In other words the adulteress commits adultery as easily as eating a meal and there is no sense of wrong-doing or shame. There is no conscience or sensitivity either to the command of God or to the wrecked lives left in her wake.
Is there any hope? The very fact that God has given us this commandment indicates there must be hope and it is to be found in a commitment to the Lord Jesus Christ. The problem of human relationships lies in the heart and it’s the disposition of the heart that has to be change. When you become a Christian, the disposition of your heart does in fact change, and you then have the power, through the Holy Spirit, to change things. The person who is truly converted has a new desire to please God. This is reflected in a determination to change old sinful habits and to live in such a way that Christ is honoured.
One of the changes is the ability to live in harmony and peace with those around you. The first thing to do is to repent of your old life style. Ask God to forgive you for the way in which you have dealt with your family, then confess to God that you have done wrong, turn your heart to Him and ask Him to help you become a real Christian.

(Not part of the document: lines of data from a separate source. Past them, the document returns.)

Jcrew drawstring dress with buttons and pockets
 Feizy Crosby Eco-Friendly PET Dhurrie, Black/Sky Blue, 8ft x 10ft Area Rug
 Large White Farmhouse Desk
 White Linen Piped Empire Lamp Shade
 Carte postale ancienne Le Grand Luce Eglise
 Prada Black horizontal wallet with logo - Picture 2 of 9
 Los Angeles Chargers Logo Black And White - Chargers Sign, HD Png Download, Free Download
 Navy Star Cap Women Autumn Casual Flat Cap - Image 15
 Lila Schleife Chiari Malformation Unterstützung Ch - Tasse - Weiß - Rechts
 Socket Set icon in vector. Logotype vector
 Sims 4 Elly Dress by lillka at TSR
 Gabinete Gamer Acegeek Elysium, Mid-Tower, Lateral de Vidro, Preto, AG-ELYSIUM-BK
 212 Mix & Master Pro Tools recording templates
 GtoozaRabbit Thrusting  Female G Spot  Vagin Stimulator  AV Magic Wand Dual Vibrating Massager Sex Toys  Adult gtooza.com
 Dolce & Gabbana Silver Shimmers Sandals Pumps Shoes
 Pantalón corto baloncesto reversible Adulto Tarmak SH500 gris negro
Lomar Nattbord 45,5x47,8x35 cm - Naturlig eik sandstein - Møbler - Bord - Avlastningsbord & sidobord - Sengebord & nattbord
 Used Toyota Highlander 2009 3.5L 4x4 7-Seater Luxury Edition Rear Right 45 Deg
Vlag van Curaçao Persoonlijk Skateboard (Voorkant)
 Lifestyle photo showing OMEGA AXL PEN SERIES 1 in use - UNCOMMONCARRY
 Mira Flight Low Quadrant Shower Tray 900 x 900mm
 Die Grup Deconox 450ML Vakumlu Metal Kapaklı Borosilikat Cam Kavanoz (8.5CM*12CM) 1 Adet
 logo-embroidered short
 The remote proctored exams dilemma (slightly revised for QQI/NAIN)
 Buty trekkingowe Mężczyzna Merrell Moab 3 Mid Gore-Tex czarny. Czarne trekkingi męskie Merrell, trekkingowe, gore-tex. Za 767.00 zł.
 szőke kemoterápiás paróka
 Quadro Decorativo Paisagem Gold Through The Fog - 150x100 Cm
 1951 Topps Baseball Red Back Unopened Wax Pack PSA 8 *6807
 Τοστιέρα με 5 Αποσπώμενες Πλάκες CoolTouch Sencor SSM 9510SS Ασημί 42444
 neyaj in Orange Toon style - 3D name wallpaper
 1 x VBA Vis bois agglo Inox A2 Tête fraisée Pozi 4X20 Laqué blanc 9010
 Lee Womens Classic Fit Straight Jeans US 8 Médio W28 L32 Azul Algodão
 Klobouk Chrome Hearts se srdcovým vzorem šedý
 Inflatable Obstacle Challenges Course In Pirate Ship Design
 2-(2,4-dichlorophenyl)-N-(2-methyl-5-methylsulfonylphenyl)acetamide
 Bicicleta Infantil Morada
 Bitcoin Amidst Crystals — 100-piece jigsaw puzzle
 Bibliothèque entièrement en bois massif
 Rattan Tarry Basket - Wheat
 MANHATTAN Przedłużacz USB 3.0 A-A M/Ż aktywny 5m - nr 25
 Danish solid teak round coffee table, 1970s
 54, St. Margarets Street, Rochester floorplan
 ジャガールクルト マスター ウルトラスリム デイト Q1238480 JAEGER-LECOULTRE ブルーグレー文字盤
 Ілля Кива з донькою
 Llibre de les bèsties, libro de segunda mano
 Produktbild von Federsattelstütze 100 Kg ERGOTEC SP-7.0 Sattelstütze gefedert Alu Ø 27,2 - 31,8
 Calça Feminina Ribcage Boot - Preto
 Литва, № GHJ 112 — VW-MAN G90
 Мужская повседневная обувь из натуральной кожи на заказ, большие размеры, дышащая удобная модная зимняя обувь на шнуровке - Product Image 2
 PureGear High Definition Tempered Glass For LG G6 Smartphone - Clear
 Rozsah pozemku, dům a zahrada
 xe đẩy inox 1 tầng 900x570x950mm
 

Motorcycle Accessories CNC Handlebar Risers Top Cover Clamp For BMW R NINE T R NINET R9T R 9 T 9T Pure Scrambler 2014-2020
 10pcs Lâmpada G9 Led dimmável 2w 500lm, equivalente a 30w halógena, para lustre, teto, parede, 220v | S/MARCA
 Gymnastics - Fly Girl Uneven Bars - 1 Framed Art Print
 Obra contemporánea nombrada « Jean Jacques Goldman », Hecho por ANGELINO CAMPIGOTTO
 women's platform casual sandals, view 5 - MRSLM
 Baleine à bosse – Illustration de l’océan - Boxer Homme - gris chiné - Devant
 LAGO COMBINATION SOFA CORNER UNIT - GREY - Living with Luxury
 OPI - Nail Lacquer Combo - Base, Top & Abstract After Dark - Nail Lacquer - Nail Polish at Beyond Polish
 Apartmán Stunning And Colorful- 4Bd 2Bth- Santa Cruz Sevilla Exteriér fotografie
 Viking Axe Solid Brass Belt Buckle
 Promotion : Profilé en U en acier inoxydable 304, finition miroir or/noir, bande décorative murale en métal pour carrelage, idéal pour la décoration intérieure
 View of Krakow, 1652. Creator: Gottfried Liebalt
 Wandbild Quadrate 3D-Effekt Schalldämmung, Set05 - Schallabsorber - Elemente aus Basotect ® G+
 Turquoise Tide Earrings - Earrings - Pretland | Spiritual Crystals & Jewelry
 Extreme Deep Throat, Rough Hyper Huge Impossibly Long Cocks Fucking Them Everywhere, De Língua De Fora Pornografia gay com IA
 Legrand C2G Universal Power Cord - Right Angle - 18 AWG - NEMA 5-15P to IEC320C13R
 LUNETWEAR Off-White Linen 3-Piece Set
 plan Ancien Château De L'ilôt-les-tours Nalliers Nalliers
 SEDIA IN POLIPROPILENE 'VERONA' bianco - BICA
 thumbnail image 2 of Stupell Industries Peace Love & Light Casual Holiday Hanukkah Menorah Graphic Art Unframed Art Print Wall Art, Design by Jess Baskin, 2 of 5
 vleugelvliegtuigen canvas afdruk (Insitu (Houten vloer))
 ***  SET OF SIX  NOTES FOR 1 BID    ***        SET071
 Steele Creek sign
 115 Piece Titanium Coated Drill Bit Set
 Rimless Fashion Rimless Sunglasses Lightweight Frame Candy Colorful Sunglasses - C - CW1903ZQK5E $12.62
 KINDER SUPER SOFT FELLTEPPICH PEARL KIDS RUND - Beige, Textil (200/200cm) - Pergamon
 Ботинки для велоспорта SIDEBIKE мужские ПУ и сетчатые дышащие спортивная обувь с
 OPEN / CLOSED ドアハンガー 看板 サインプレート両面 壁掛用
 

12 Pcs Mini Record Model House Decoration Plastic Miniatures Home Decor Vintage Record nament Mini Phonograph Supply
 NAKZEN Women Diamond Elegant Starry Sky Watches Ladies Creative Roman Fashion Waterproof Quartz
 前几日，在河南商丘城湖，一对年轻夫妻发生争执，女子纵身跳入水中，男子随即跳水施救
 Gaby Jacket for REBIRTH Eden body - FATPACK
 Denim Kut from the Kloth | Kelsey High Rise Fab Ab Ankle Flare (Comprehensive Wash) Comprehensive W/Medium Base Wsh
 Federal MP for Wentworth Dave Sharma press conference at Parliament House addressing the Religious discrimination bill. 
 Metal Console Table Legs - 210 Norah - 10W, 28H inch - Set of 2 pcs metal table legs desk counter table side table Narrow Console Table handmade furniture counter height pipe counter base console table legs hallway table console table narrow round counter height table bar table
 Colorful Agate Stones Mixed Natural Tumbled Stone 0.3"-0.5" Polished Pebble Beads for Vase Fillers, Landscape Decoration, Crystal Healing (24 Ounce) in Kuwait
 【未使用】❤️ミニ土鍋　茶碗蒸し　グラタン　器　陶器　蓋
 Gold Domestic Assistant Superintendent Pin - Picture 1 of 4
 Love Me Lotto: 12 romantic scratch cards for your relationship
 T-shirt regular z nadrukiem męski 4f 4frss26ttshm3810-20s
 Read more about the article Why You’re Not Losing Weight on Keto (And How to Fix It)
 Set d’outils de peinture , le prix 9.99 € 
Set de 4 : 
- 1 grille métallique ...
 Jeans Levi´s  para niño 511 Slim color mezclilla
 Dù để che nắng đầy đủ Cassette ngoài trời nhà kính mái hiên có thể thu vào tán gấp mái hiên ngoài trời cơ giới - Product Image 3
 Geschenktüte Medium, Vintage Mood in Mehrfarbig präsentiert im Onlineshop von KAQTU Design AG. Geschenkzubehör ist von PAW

That is not all. There then has to be restitution. This means a positive attempt at undoing the harm that has been done and putting right the things that were or are wrong. At the very least this will mean apologies to those who have been hurt. It may include making up in some tangible way for the harm we have done. Within a family circle this is not always easy because of the credibility gap. The family may not believe you really are sorry and they may not make it easy for you to make restitution. However difficult it may be you must persevere while trusting God to help you.
Do you have something to repent of in your family? Is there something you have done that needs to be put right? If you are a Christian then strive with all your might to rectify the wrong – and above all. Talk to God about it.